*Your instructions:* Your job with the data below is to output exactly the lines from the one holding "To disassemble, squeeze" down to the one holding "Then, add the gas and", both included, and no others.

BEGIN

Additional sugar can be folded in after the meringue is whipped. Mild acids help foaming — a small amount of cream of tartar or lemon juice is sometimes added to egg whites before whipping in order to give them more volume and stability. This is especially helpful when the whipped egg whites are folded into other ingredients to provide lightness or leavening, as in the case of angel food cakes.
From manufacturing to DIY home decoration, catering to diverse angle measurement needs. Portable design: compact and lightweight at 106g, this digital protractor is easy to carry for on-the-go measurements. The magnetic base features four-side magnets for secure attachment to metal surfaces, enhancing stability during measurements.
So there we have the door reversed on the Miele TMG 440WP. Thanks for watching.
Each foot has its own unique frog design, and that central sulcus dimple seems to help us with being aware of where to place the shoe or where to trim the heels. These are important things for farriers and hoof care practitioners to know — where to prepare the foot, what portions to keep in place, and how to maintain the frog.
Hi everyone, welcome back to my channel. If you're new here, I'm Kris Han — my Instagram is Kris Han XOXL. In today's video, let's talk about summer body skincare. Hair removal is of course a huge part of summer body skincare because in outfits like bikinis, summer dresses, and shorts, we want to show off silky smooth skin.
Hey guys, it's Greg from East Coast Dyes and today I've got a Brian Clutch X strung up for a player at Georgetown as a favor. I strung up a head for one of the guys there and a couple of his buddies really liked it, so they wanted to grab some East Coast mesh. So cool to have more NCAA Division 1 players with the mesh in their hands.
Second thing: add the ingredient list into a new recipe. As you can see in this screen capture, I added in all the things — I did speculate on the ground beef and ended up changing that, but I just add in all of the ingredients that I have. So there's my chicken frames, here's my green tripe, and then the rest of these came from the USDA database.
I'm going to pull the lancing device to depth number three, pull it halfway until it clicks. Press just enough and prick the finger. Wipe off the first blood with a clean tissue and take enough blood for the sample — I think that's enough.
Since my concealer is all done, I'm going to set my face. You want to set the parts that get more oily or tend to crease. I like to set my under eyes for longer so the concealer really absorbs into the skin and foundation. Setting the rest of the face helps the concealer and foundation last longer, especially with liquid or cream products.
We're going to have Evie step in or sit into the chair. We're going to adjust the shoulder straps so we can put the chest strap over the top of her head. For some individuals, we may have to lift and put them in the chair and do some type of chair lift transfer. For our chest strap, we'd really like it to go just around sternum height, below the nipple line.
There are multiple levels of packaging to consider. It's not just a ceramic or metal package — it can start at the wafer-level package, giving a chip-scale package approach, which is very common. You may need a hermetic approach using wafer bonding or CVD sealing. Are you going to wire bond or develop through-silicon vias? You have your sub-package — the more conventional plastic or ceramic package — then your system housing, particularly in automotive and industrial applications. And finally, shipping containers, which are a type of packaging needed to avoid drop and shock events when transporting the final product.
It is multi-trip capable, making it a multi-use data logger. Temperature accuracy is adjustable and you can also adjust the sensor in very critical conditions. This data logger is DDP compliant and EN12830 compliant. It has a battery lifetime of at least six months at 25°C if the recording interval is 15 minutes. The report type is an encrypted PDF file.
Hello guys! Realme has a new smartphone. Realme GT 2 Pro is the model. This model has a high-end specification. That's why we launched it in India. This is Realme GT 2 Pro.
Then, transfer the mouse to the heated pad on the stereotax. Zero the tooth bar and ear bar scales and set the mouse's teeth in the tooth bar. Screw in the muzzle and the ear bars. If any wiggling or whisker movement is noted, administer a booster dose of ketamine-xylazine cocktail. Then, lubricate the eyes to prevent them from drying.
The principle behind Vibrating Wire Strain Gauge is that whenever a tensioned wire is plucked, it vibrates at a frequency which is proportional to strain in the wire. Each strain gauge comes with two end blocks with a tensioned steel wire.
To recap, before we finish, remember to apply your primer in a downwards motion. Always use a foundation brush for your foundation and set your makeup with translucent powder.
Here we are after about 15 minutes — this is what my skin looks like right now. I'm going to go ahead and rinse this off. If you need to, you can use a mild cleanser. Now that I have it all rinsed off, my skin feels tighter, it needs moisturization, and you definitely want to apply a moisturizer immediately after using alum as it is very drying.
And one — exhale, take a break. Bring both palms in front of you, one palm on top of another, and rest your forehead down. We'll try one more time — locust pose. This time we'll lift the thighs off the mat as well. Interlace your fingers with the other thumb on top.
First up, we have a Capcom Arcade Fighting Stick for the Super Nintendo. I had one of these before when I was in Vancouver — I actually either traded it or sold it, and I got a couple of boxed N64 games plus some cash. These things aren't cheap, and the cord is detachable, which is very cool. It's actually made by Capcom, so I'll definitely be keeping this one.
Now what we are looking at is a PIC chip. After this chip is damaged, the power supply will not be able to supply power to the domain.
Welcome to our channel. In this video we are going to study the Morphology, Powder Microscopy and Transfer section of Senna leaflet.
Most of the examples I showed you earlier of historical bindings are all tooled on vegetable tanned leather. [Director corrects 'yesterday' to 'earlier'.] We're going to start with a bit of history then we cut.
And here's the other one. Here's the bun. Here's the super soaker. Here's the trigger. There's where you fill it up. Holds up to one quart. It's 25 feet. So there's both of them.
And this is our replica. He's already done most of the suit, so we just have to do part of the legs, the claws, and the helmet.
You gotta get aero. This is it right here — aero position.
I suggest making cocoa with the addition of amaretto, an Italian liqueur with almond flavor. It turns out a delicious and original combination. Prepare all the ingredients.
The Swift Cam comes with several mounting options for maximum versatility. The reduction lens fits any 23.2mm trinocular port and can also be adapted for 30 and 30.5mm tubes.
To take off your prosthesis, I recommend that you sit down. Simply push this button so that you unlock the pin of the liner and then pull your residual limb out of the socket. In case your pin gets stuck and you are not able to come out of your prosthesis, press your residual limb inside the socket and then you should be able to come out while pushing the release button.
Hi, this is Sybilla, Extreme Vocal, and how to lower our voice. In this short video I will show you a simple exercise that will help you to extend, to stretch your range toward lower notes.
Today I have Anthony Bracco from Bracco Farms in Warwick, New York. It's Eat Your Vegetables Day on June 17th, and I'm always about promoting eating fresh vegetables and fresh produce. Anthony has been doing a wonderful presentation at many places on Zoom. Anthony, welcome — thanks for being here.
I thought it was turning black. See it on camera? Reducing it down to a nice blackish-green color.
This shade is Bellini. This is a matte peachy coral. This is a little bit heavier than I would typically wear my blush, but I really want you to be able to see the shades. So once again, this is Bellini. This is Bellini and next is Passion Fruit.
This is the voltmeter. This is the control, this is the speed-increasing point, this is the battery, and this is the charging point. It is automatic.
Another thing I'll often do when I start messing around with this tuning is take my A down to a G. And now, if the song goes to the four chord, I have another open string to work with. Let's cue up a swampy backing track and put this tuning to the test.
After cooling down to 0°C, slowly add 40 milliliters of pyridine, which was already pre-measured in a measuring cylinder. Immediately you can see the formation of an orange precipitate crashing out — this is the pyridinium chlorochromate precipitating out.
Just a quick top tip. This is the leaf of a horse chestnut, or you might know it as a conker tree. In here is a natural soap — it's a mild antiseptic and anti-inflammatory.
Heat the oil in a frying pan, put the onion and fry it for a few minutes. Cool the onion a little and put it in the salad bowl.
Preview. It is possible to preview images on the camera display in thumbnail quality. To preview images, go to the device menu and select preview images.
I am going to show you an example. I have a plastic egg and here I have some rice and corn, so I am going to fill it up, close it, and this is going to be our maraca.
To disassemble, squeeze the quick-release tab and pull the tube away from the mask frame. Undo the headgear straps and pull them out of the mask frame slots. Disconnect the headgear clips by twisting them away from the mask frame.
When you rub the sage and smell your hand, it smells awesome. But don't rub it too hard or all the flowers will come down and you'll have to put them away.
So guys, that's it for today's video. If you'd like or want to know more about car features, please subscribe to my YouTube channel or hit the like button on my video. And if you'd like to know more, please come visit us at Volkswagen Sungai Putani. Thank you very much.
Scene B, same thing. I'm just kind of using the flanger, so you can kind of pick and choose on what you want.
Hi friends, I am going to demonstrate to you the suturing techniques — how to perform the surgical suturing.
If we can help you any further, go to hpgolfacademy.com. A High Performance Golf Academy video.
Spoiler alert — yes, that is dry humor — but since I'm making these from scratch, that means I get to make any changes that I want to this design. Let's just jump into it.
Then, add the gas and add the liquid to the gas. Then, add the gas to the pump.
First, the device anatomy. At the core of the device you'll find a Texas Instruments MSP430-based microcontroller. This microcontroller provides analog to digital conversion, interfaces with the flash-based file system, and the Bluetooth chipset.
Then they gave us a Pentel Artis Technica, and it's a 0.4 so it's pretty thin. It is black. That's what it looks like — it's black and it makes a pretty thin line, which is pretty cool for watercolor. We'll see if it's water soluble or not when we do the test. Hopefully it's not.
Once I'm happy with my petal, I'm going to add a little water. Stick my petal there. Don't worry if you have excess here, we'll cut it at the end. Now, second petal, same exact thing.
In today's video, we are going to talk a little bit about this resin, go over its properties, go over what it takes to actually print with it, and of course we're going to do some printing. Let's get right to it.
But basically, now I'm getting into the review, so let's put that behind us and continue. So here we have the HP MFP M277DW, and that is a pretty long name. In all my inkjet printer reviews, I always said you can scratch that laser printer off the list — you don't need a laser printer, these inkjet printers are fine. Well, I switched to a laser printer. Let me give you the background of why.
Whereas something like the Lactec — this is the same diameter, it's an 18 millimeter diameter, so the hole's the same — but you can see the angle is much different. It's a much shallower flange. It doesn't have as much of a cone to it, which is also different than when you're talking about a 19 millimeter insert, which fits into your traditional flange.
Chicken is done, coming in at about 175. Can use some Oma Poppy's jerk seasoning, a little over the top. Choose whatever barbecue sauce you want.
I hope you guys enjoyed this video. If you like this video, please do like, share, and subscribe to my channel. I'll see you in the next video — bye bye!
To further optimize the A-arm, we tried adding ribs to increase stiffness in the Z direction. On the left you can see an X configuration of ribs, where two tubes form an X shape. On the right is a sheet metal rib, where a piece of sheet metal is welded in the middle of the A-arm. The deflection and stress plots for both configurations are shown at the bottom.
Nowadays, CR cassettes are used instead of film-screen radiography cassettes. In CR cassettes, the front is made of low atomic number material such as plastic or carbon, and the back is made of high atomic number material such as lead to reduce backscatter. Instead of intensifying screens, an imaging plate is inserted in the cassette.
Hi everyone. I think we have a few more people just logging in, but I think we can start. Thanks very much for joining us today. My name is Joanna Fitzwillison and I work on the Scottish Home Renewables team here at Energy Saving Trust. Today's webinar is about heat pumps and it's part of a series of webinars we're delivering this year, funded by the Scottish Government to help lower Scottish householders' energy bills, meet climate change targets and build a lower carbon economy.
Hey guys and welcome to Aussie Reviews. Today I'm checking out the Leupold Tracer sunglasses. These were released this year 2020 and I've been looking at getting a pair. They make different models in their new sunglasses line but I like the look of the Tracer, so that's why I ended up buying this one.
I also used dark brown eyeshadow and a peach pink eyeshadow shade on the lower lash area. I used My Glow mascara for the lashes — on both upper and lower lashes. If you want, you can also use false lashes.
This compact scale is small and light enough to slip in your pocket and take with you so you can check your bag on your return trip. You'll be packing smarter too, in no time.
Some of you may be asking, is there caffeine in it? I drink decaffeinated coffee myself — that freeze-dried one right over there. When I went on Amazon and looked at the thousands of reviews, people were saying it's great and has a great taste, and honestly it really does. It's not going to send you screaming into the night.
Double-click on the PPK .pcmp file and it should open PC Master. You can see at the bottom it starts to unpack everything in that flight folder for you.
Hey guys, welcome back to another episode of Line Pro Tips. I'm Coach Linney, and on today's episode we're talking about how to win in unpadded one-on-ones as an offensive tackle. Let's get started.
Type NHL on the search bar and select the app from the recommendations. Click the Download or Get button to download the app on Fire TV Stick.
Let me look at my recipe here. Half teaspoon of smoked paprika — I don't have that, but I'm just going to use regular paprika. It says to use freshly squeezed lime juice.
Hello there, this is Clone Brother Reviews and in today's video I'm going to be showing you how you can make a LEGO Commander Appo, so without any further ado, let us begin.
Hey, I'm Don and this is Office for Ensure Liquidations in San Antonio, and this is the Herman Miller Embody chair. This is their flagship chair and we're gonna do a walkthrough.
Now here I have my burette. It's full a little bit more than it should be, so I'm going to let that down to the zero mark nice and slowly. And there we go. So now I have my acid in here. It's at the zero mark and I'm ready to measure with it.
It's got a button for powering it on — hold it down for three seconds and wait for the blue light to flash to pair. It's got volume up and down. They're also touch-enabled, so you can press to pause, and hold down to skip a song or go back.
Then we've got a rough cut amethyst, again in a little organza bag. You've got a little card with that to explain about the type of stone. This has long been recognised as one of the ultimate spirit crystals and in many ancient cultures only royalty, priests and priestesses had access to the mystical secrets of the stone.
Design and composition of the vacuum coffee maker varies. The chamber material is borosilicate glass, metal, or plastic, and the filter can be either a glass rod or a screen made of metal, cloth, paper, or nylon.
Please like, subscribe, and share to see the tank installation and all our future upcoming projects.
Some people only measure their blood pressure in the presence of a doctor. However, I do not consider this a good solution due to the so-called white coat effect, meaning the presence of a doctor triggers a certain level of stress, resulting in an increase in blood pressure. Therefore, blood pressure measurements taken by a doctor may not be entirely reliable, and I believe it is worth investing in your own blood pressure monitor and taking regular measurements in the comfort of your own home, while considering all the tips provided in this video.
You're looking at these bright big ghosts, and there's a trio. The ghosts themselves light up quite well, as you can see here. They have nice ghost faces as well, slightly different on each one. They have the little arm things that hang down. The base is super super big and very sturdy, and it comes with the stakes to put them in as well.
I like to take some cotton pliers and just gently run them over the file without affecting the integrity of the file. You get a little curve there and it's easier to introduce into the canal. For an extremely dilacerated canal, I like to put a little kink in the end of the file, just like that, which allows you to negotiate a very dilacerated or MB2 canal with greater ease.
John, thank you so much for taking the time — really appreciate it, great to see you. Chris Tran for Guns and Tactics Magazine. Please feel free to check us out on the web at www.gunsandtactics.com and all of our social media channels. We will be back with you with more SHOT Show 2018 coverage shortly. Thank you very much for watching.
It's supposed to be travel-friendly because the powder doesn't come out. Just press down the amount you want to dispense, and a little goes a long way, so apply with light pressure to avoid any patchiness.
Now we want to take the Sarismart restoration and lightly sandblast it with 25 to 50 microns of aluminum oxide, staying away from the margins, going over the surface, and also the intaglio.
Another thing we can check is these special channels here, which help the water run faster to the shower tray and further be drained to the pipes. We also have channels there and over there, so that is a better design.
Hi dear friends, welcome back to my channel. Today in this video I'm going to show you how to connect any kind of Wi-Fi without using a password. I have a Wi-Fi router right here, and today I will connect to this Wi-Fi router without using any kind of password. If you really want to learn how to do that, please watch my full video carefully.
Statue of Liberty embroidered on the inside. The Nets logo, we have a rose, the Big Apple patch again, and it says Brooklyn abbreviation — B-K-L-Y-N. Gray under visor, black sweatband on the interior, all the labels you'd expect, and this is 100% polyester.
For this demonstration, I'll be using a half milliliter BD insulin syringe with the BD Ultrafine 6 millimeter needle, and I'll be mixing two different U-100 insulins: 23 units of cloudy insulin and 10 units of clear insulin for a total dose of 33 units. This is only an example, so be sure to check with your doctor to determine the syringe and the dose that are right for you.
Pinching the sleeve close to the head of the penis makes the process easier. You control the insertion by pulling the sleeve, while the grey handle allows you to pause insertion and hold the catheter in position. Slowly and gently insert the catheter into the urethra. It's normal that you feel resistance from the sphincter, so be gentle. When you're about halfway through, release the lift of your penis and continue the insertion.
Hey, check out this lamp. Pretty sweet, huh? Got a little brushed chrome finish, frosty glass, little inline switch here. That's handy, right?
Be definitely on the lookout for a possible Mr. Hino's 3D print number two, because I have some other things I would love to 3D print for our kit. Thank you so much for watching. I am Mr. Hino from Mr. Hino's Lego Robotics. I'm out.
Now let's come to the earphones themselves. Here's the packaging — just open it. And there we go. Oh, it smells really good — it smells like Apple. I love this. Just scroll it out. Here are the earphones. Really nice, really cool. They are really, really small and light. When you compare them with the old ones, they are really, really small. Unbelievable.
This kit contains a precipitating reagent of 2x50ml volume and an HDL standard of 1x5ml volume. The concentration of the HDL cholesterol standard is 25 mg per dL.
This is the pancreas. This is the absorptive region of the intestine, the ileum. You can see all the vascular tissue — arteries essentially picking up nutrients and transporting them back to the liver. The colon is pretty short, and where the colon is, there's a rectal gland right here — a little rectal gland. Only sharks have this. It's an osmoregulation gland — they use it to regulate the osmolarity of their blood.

END

*Worked solution:*
To disassemble, squeeze the quick-release tab and pull the tube away from the mask frame. Undo the headgear straps and pull them out of the mask frame slots. Disconnect the headgear clips by twisting them away from the mask frame.
When you rub the sage and smell your hand, it smells awesome. But don't rub it too hard or all the flowers will come down and you'll have to put them away.
So guys, that's it for today's video. If you'd like or want to know more about car features, please subscribe to my YouTube channel or hit the like button on my video. And if you'd like to know more, please come visit us at Volkswagen Sungai Putani. Thank you very much.
Scene B, same thing. I'm just kind of using the flanger, so you can kind of pick and choose on what you want.
Hi friends, I am going to demonstrate to you the suturing techniques — how to perform the surgical suturing.
If we can help you any further, go to hpgolfacademy.com. A High Performance Golf Academy video.
Spoiler alert — yes, that is dry humor — but since I'm making these from scratch, that means I get to make any changes that I want to this design. Let's just jump into it.
Then, add the gas and add the liquid to the gas. Then, add the gas to the pump.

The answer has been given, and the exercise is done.